Ultimately, the nonprofit challenge is one of advocating for health equity. Steve Lesky of Oregon’s Cambia Health Foundation sent Nonprofit Quarterly a note through Grantmakers of Oregon and Southwest Washington with a reminder of the ultimate purpose of the Affordable Care Act, predicting that this year and going forward, there would be—or should be—concentration on “what are the next best practices to achieving health equity: from community health workers to technology.” Health equity is the underlying challenge that should unite nonprofits of all stripes. Community-based and regional nonprofit advocates have just demonstrated that commitment to health equity with the opening this month of My Health L.A., a program for Los Angeles’ 400,000 to 700,000 estimated undocumented immigrants, matching them to clinics that will provide them with free primary care and health screenings, chronic disease management, prescription medications, and referrals to specialty care facilities and reimburse the clinics set amounts for each patient rather than reimbursing them by the number of patient visits (146,000 are expected to sign up).

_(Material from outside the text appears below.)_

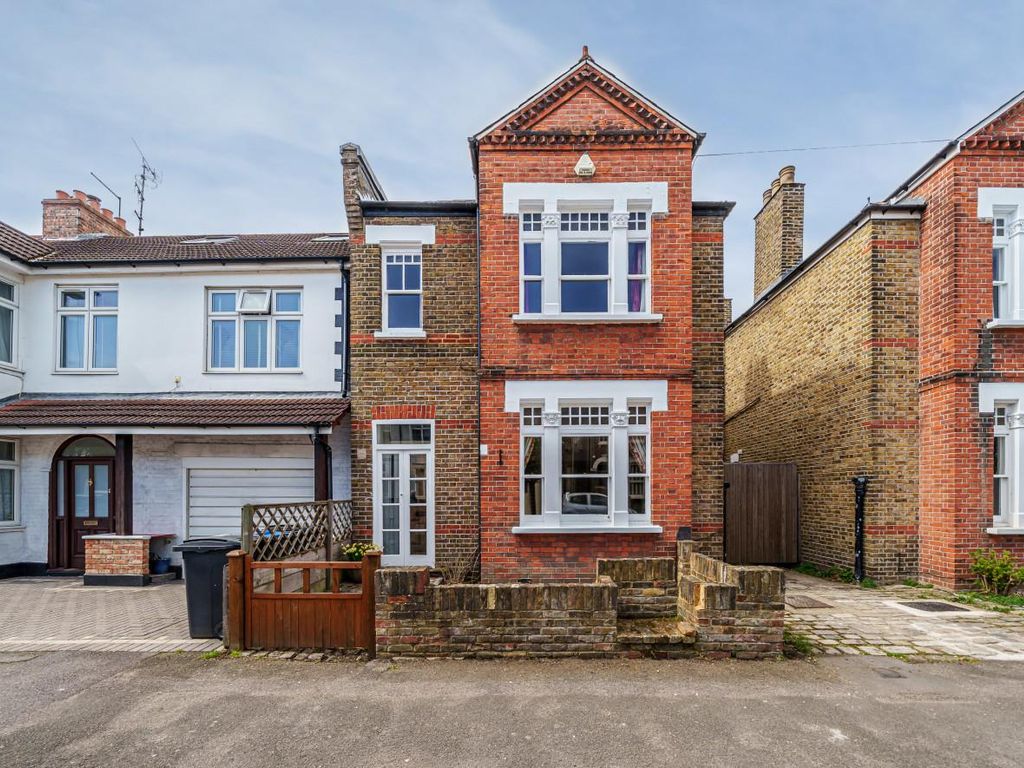 4 bed detached house for sale in Cobham Road, Norbiton, Kingston Upon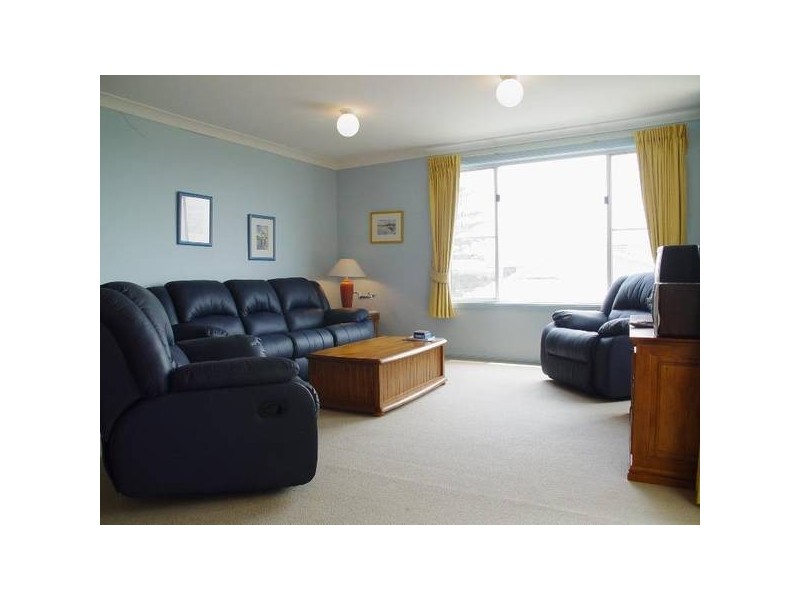 7/9 Beach Road, Hawks Nest All, Hawks Nest NSW 2324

Mechanisms such as My Health L.A., working with community clinics, expanding access for populations previously deprived of coverage, and boosting quality healthcare provision should get the attention of nonprofits.

For the second year of the Affordable Care Act, the nonprofit sector has important roles to play: ensuring that the 15 million employees of nonprofits are adequately insured and receiving quality healthcare, advocating for the communities they serve to get the health coverage and healthcare provision they need and deserve, and strengthening the mechanisms of the Affordable Care Act so that it works as it should. That’s a health equity agenda that ought to involve nonprofit advocates, nonprofit service providers, and private foundations.